START Extracted records
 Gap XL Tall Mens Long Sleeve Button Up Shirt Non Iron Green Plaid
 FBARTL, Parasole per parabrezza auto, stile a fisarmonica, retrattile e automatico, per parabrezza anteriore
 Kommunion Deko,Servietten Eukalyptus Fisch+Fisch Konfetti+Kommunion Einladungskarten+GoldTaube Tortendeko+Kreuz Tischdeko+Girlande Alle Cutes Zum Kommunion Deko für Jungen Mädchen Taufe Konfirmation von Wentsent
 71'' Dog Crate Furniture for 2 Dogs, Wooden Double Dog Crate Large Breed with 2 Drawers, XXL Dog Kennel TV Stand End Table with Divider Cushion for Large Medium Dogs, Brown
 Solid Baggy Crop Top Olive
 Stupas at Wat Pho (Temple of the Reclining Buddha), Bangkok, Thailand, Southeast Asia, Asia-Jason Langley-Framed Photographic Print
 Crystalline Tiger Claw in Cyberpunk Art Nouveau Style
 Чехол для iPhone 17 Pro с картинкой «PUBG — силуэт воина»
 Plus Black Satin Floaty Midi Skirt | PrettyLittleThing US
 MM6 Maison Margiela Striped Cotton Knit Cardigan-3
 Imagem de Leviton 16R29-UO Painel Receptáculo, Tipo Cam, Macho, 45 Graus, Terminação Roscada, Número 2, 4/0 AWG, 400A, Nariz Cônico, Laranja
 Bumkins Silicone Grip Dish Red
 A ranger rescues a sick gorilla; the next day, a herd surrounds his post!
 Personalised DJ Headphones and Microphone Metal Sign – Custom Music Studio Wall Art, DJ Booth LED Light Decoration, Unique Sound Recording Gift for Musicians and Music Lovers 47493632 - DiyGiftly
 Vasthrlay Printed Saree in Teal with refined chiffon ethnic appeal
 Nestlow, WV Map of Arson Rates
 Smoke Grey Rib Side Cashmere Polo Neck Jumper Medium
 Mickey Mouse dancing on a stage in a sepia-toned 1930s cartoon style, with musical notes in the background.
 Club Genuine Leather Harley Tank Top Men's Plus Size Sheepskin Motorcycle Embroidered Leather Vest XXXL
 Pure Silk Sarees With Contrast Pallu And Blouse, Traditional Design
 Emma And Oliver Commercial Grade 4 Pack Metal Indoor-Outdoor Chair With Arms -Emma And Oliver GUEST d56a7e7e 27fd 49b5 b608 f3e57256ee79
END Extracted records
Using the entries above, give again exactly the lines from the line holding "Crystalline Tiger Claw" through the line holding "Pure Silk Sarees". Include both end lines and nothing else.

■ Exercise response ■
 Crystalline Tiger Claw in Cyberpunk Art Nouveau Style
 Чехол для iPhone 17 Pro с картинкой «PUBG — силуэт воина»
 Plus Black Satin Floaty Midi Skirt | PrettyLittleThing US
 MM6 Maison Margiela Striped Cotton Knit Cardigan-3
 Imagem de Leviton 16R29-UO Painel Receptáculo, Tipo Cam, Macho, 45 Graus, Terminação Roscada, Número 2, 4/0 AWG, 400A, Nariz Cônico, Laranja
 Bumkins Silicone Grip Dish Red
 A ranger rescues a sick gorilla; the next day, a herd surrounds his post!
 Personalised DJ Headphones and Microphone Metal Sign – Custom Music Studio Wall Art, DJ Booth LED Light Decoration, Unique Sound Recording Gift for Musicians and Music Lovers 47493632 - DiyGiftly
 Vasthrlay Printed Saree in Teal with refined chiffon ethnic appeal
 Nestlow, WV Map of Arson Rates
 Smoke Grey Rib Side Cashmere Polo Neck Jumper Medium
 Mickey Mouse dancing on a stage in a sepia-toned 1930s cartoon style, with musical notes in the background.
 Club Genuine Leather Harley Tank Top Men's Plus Size Sheepskin Motorcycle Embroidered Leather Vest XXXL
 Pure Silk Sarees With Contrast Pallu And Blouse, Traditional Design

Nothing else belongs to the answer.